Lee — who is a PhD, not an M D  — says that much of what passes for scientific investigation today on TV is more fantasy than fact.
“For example, the forensic light source, the laser. We use it in our work ... but you can’t just shine a laser and everything pops up,” he says. A police sergeant once called Lee complaining that his chief was upset with him when the new laser he’d procured wasn’t producing results.
“He took it to the crime scene three times and did not find any evidence ... He said, ‘Why on the television show, every night it finds the evidence?’ And so I have to spend about 15 minutes explaining to the chief: ‘You need goggles. You need wavelengths. You have to know what to select, what chemical to spray. Light sources will not automatically produce evidence.’”

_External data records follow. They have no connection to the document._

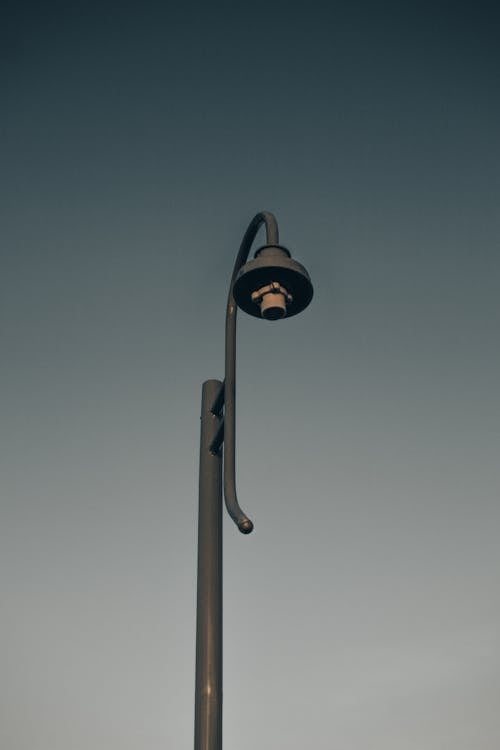 Free Low angle of modern high metal street lamp against gray sky at daytime Stock Photo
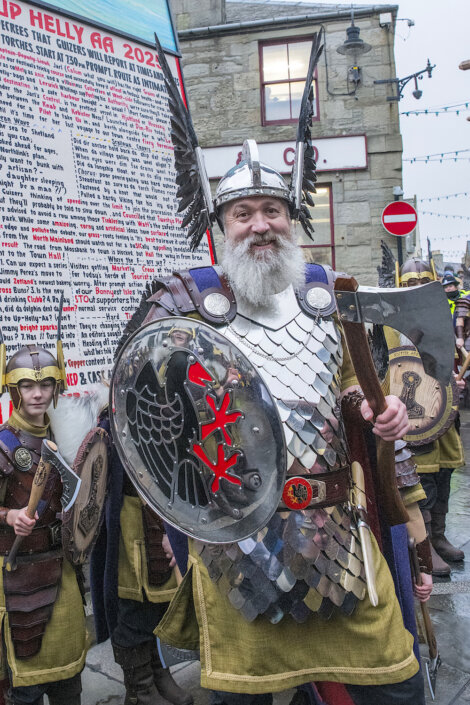 A person in Viking costume with a winged helmet and shield stands outdoors. Behind them are more people in similar attire and a large banner.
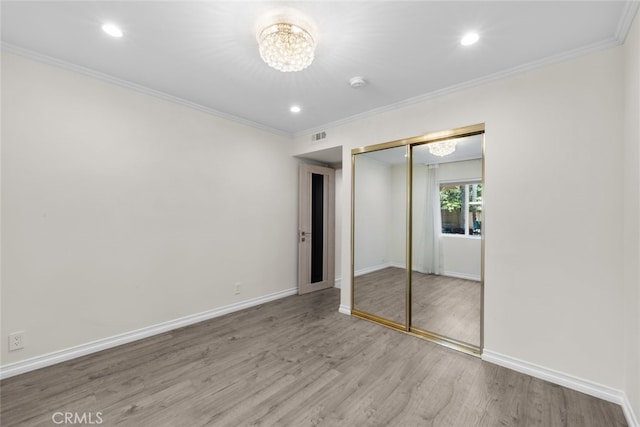 6355 Yolanda Ave, Tarzana, CA 91335 - unfurnished bedroom featuring a chandelier, wood finished floors, a closet, ornamental molding, and recessed lighting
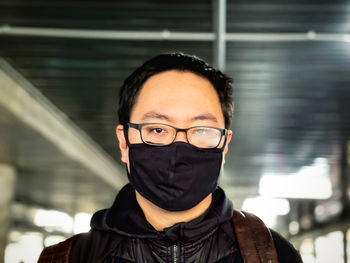 Portrait of young man wearing eyeglasses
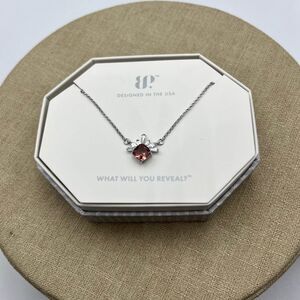 Bomb party lab created pink spinel and CZ silver tone necklace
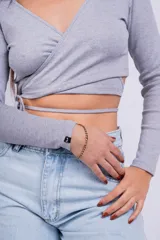 Remera corta gris de punto con escote cruzado y mangas largas.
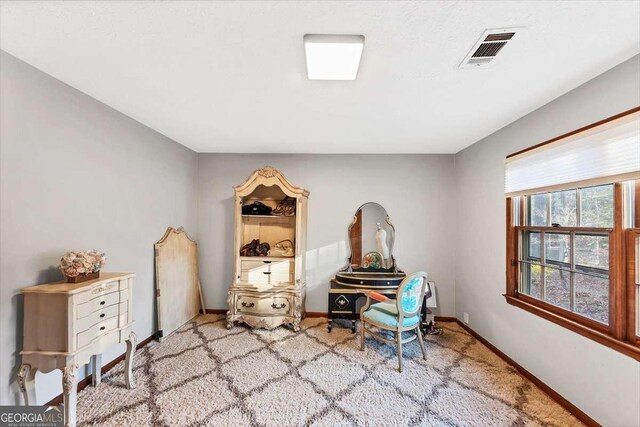 interior space featuring baseboards, visible vents, and carpet flooring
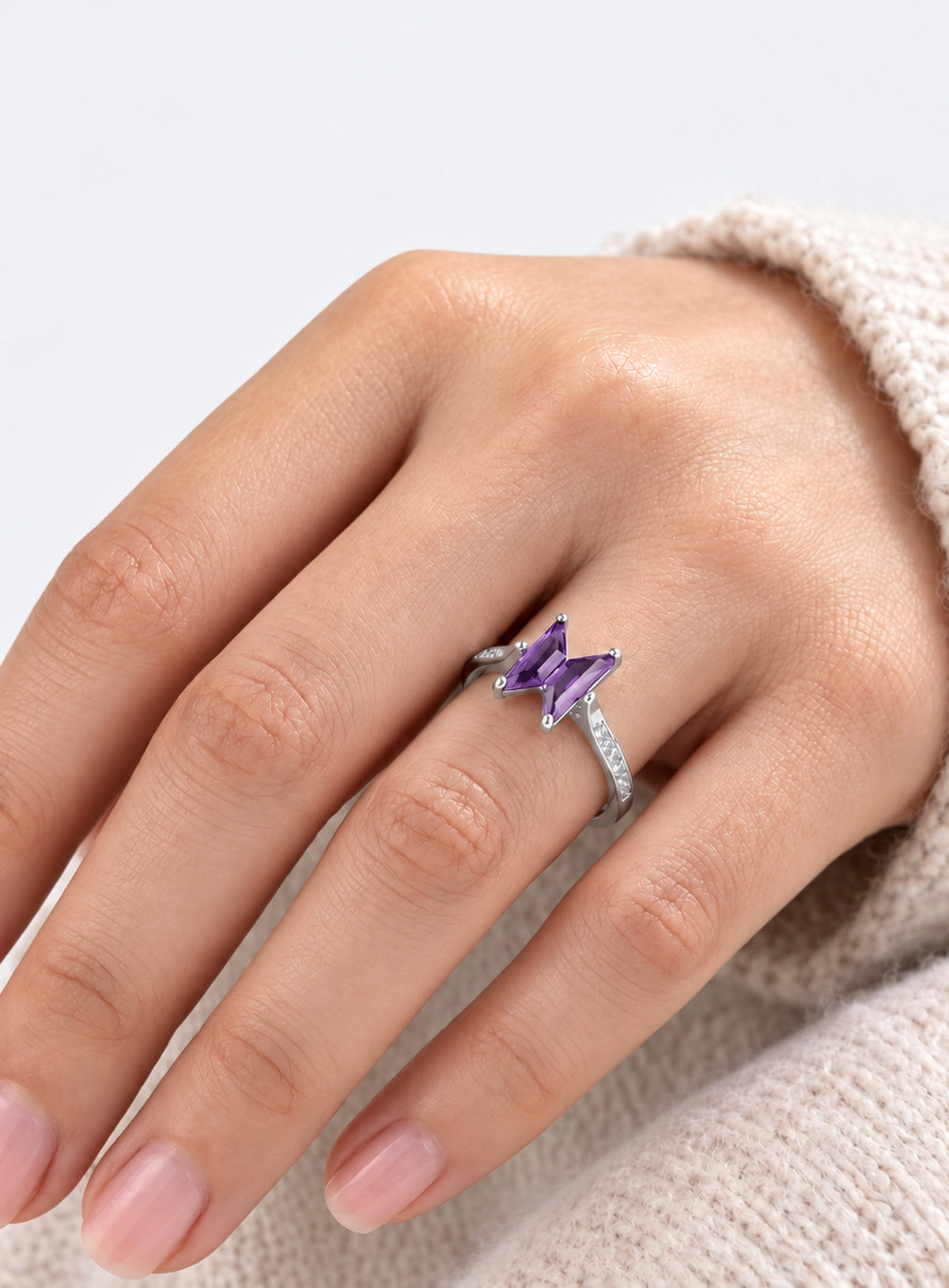 Purple geometric centerpiece ring with a narrow silver-tone or gold-tone band (Silver)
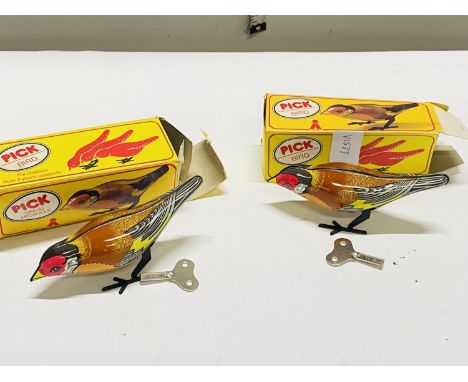 Two boxed vintage clockwork bird toys 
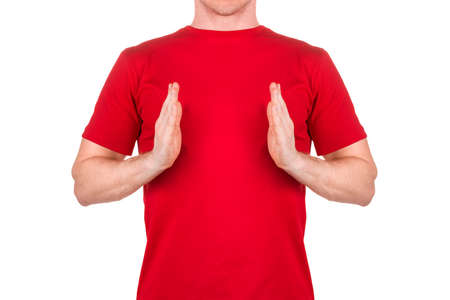 Front view of confident male in red t-shirt show something of small size isolated white background with clipping path. Concept of t shirt template and mock-up for printの写真素材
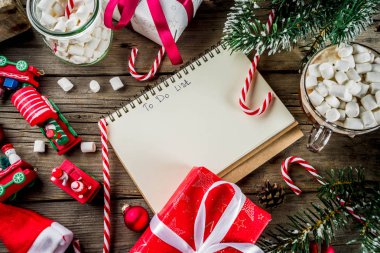 Noel kavramı, xmas tatil için hazırlık için istek listesi, santa harf not etmek. Yapılacaklar listesi için ile sıcak sıcak çikolata Kupası, Noel ağacı dekor, çam dalları. Eski ahşap masa kopya alanı üstten görünüm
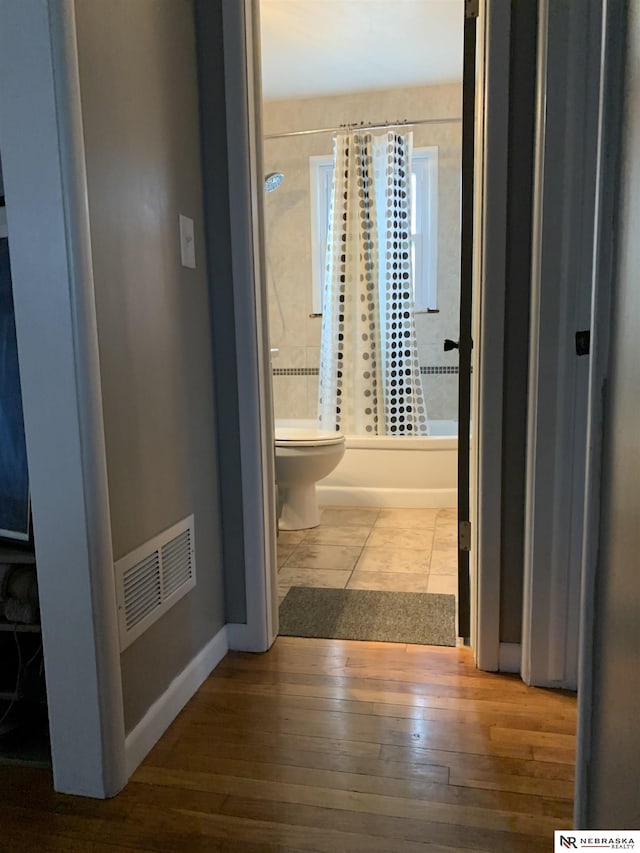 corridor with hardwood / wood-style flooring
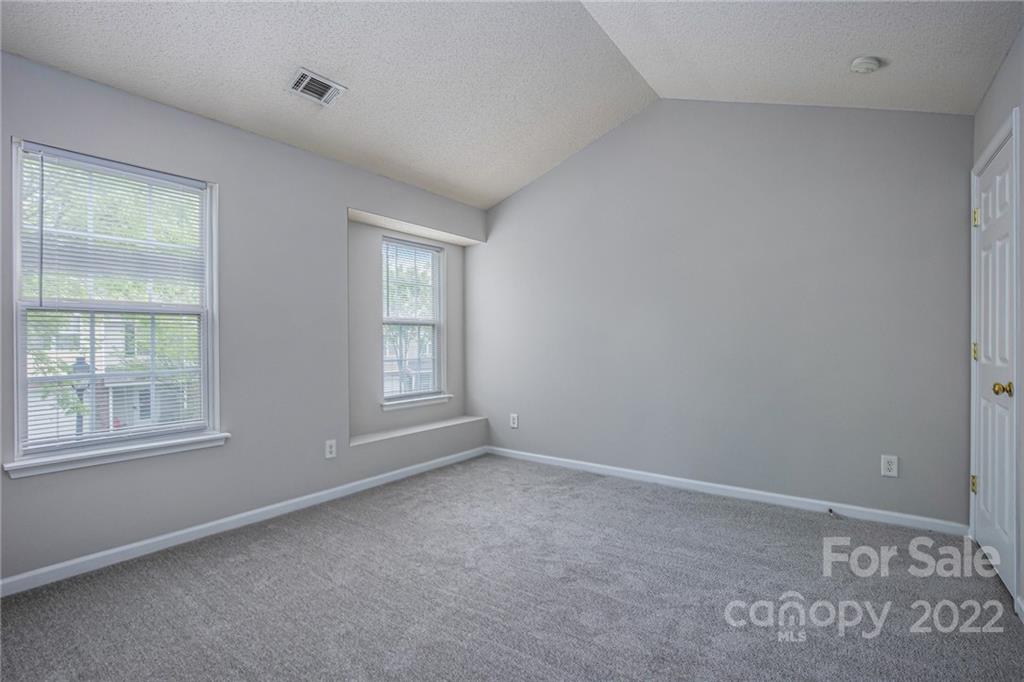 16852 Timber Crossing Road Charlotte, NC 28213 - Photo 17 of 31 a view of an empty room with a window
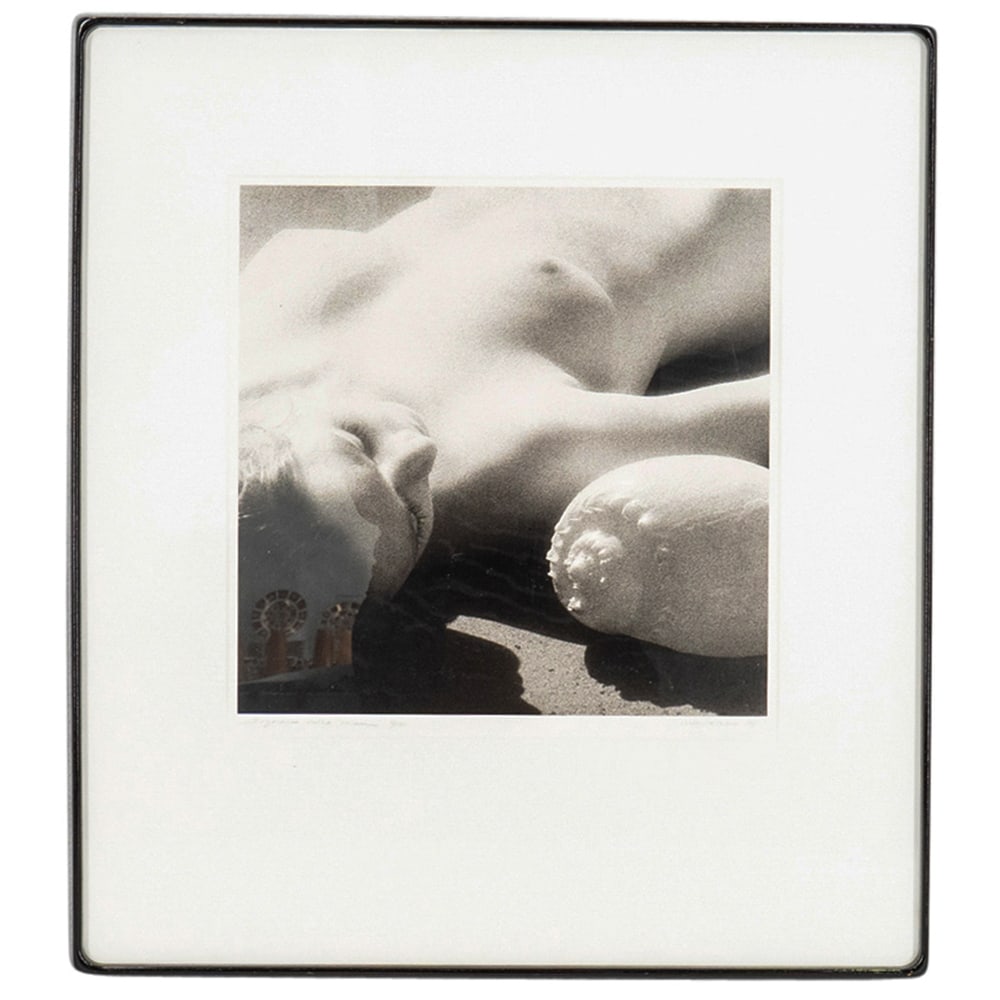 Nina Rizzo (20th C.) "Dreams Of The Sea" Photo: DESCRIPTION: Erotic monochrome photograph entitled "Dreams of the Sea" by Nina Rizzo depicting a nude woman reclining with a seashell. Signed and dated at lower right and titled at lower left. Mounted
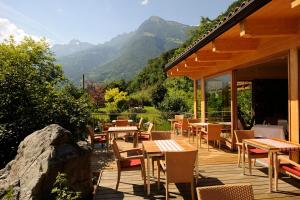 a wooden deck with tables and chairs and mountains at Hotel Garni Partaneshof in Merano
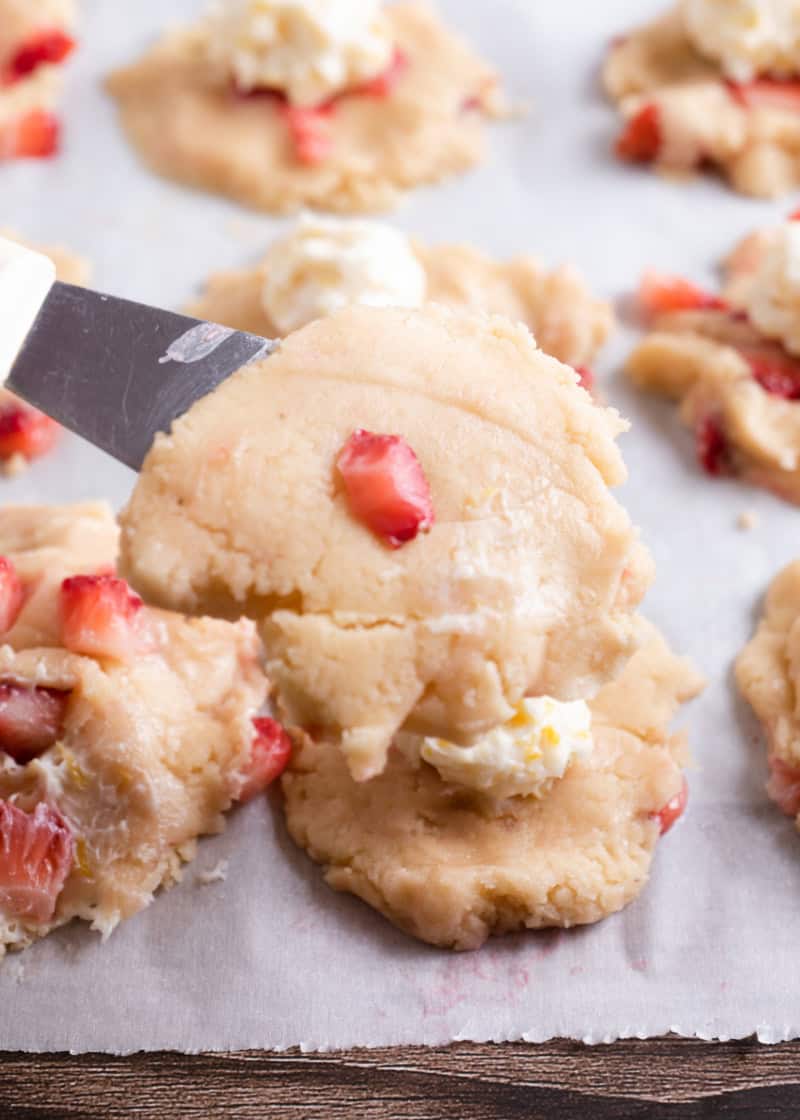 flattened uncooked cookie dough on a metal spatula being put onto parchment paper.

It was a French fan of Holmes, scientist Edmond Locard, who built the first real forensic lab in 1910. Locard reserved mineral, hair, fiber and soil samples and studied everything under the microscope. He devised what is known as the “exchange principle,” which states that when two things come into contact with each other they each leave a trace on the other.
Kimberlee Sue Moran, a forensic scientist appearing on the show, observes, “That is something right out of a Sherlock Holmes novel, that whenever two things come into contact, they leave a trace. And as forensic scientists we play that out on every crime scene that we come across,” she says. — McClatchy-Tribune News Service/MCT
THE LAB: The first forensic lab was established by French scientist Edmond Locard in 1910. His work is depicted in PBS’ How Sherlock Holmes Changed the World, premiering on December 17.